ACTES DE SAINT BASILE D'ANCYRE

fêté le 22 mars


Basile, appliqué sans relâche à enseigner aux hommes les vérités chrétiennes et à les détromper de l'erreur et du mensonge, s'efforçait de les conduire dans les voies de Jésus Christ et de les détourner de celles du démon. Il leur prêchait sans cesse que des jours mauvais approchaient; que les principaux chefs de la milice des enfers en étaient sortis, et semaient partout des pièges, des périls et des scandales; que parmi les ministres de Jésus Christ il se trouvait des ministres du démon revêtus de peaux de brebis, mais qui n'étaient que des loups cruels et ravissants, avides de se rassasier d'âmes, et qu'il ne fallait marcher qu'avec de grandes précautions. Il criait de toute sa force et avec toute l'intrépidité et toute l'assurance d'un prophète :
«Suivez-moi, vous tous qui voulez arriver au bonheur éternel, je vous montrerai la voie qui y conduit, et je vous marquerai en même temps celle qui mène à un malheur éternel. Je vous ferai voir dans quel abîme se précipitent ceux qui abandonnent le Dieu vivant pour courir après des idoles sourdes, muettes et aveugles.
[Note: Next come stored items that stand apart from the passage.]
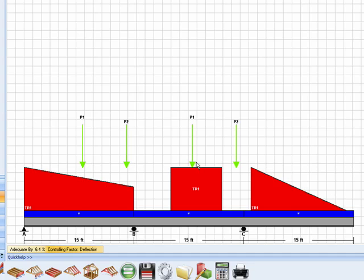Four separate concentrated loads, a trapezoidal load on the left span, a partially distributed uniform load on the center span, and a triangular load on the cantilevered right span.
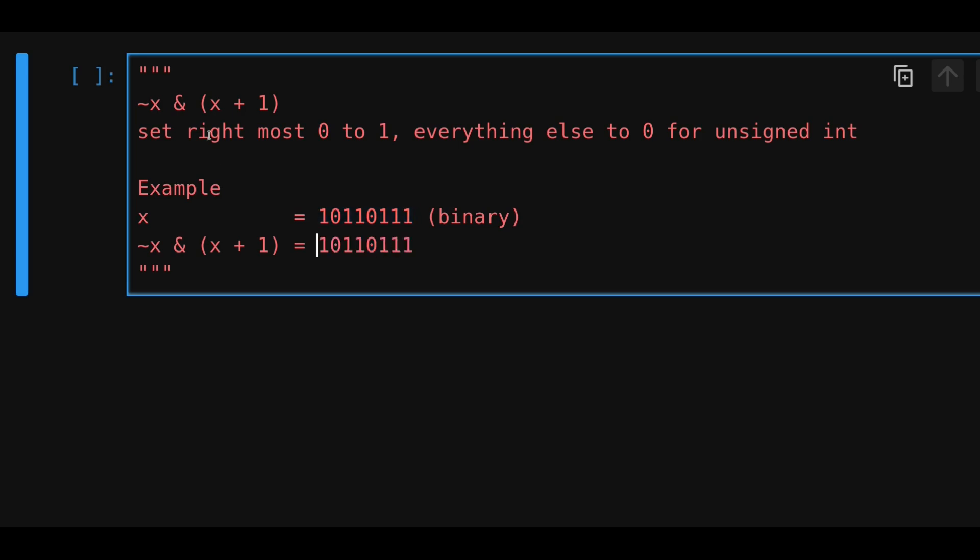The rightmost 0, so starting from the right, and then going left, we see that the rightmost 0 is over here. So this will turn into a 1, and everything else will turn into a 0.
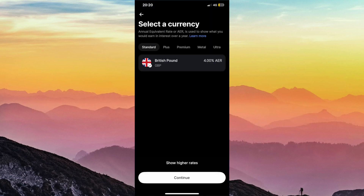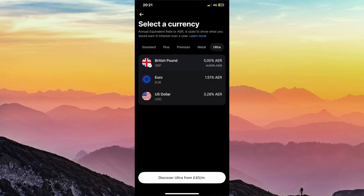Once you've done that, you should be on this page where you can confirm what type of savings account you want. For example, you can get a 5% interest account, but this is on a higher subscription, and each savings account comes with its own different perks, so feel free to have a look.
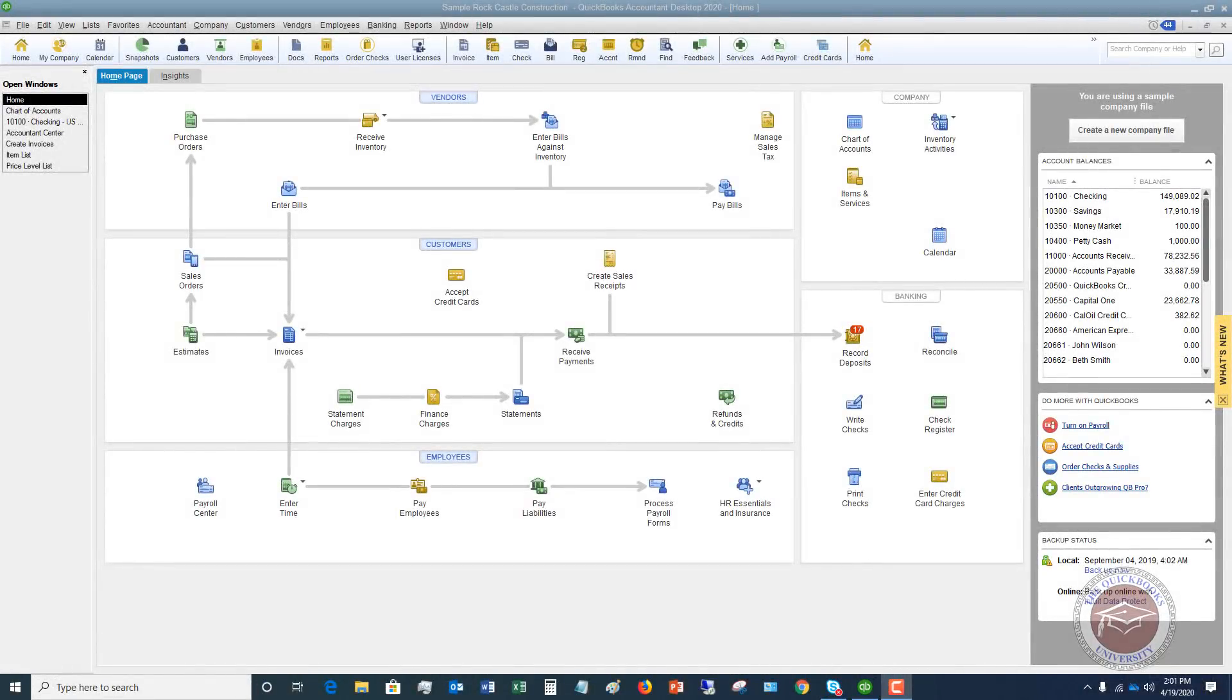Welcome to this QuickBooks tutorial on how to track PPP loan expenses. I'm getting a lot of questions on this. You got your PPP loan, you got the money, you put it in the bank. Now how do we track our expenses against this?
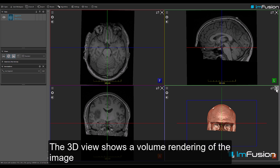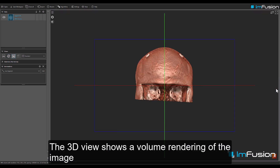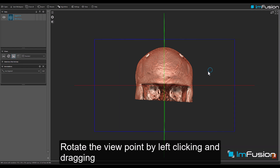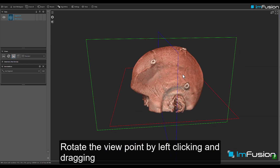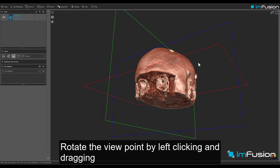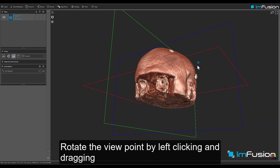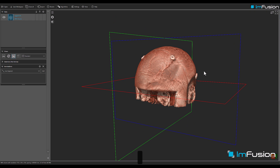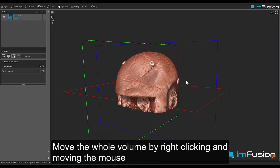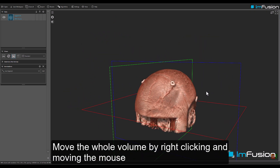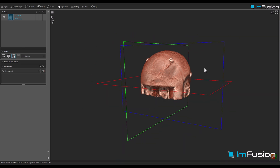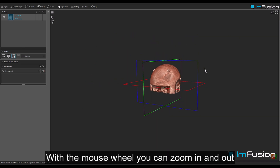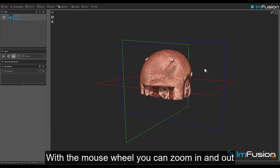The 3D view shows a volume rendering of the image. Rotate the viewpoint by left-clicking and dragging. Move the whole volume by right-clicking and moving the mouse. With the mouse wheel you can zoom in and out.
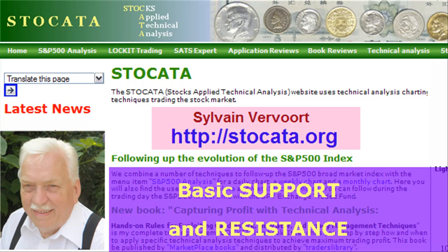That's it concerning basic support and resistance based on price turning points and price windows. Later on we will talk much more about many other support and resistance methods. I hope you enjoyed this video, watch out for the next one. Stay in touch, subscribe to my channel, give me your comments, rate this video and pay a visit to my website stoccata.org. Have a nice day and I hope I see you in my next training video.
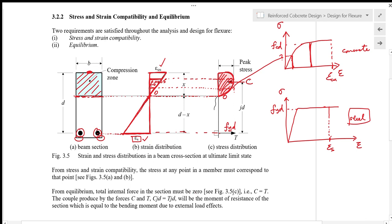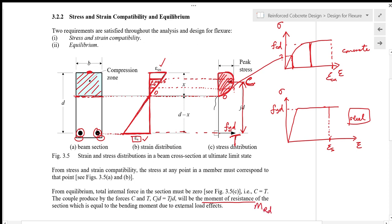For equilibrium, the total internal force in the section must be zero, meaning compression C must equal tension T. The couple produced by forces C and T with moment arm jd gives the moment of resistance C × jd or T × jd. This moment of resistance MRD must be at least equal to or greater than the bending moment from external load effects MED.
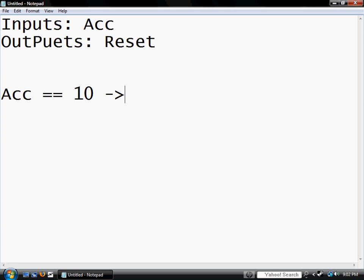Then, that's the then, we set Reset equals one. You have to put that semicolon after it.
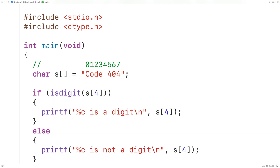The digits are only the characters from 0 to 9. To be more precise: if the function is passed a digit character, it returns a non-zero integer, and in C a non-zero integer is considered true. If the function is passed a non-digit character, it returns 0, which in C is considered false.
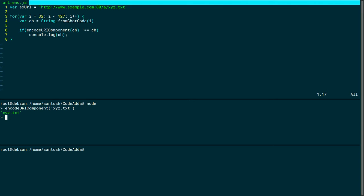Let's encode a question mark and ampersand in the file. Question mark is encoded as %3F and ampersand as %26.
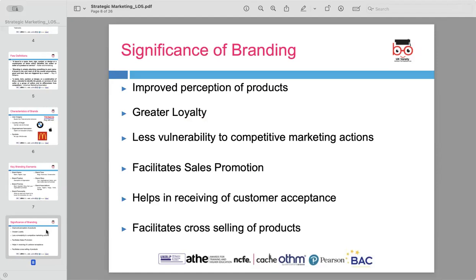Significance of branding: branding is a critical factor for business success due to the several benefits it offers. First, effective branding improves consumers' perception of a product, creating a positive image that increases the likelihood of a purchase.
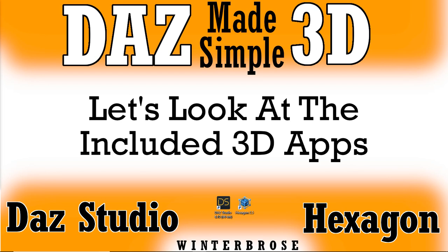Hello everybody, this is World of Winter Bros and welcome to this second video presentation on DAZ 3D Made Simple. We're going to cover the two applications that are included when you get your free account with DAZ 3D, which will be the DAZ Studio application and the Hexagon application.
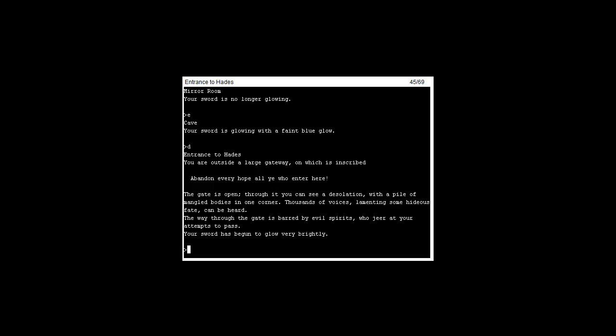You are outside a large gateway on which is inscribed 'Abandon every hope all ye who enter here.' The gate is open and through it you can see a desolation with a pile of mangled bodies in the corner. Thousands of voices lamenting some hideous fate can be heard.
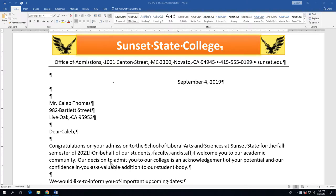Hello, this is Stephen Baltz, your instructor for Computer Applications Online at Ozarka College. In the last video, we finished up the first page of the letter. And now in this video, I'm going to show you how to do the second page of the letter, which is going to include some SmartArt.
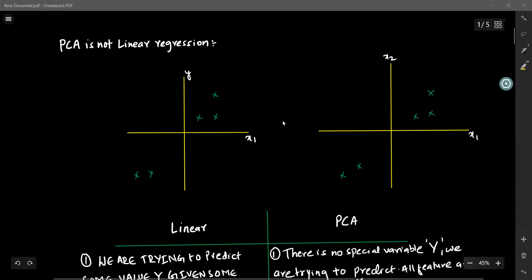Today we will discuss PCA and how it differs from linear regression. There might be confusion that if we convert high dimension data to low dimension, PCA looks like linear regression, but actually PCA is not linear regression. In this lecture, we will show the difference between linear regression and PCA.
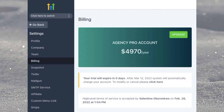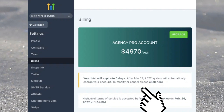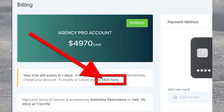Once inside the Billing page in Settings, locate the text just below the account type image. The text tells you the date GoHighLevel will automatically charge your account. In that text, locate the last two words in the sentence — it should say "click here." Click on "click here."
Quel avantage pensez-vous qu'ils tirent d'un changement si peu sensé ? de brûler dans un feu qui ne s'éteindra jamais ? C'est pourquoi, tous autant que nous sommes, qui désirons conserver le trésor inestimable de la foi, ne craignons pas de fouler aux pieds toute cette pompe vaine et ridicule avec laquelle le démon amuse, surprend et engage les esprits qu'il a séduits; méprisons ces niaiseries dont il occupe les yeux et le cÏur de ses misérables esclaves; que la difficulté de l'entreprise ne nous rebute point. Jésus Christ sera avec nous nous soutiendra, il nous défendra, il nous récompensera.»
Basile parcourait chaque jour toute la ville d'Ancyre, semant de pareils discours, exhortant, pressant, menaçant chacun, encourageant les uns par l'espérance des biens à venir, intimidant les autres par la crainte des peines futures, inspirant à tous le mépris des tourments et de la mort. Cependant Eudoxe, Macaire, Eugène et quelques autres évêques ariens, assemblés à Constantinople, lui défendirent de prêcher ainsi au peuple des vérités qui leur déplaisaient; mais en même temps deux cent trente évêques, qui tenaient un concile dans la Palestine, l'exhortaient à continuer, à ne rien craindre, à agir toujours avec confiance, et enfin à se ressouvenir qu'étant un des principaux officiers du palais de l'empereur, il devait donner l'exemple d'une plus parfaite fidélité envers Jésus Christ. Ainsi ce saint homme, marchant en la présence de Dieu, annonçait hardiment la doctrine irrépréhensible de la foi, et la régularité de sa vie, jointe à la force de ses paroles, retirait chaque jour de l'erreur plusieurs chrétiens qui s'y étaient malheureusement laissés engager. L'Église était alors dans une horrible agitation. On déféra Basile à l'empereur Constance comme un homme inquiet, séditieux, et qui par ses prédications emportées fomentait le trouble et la division.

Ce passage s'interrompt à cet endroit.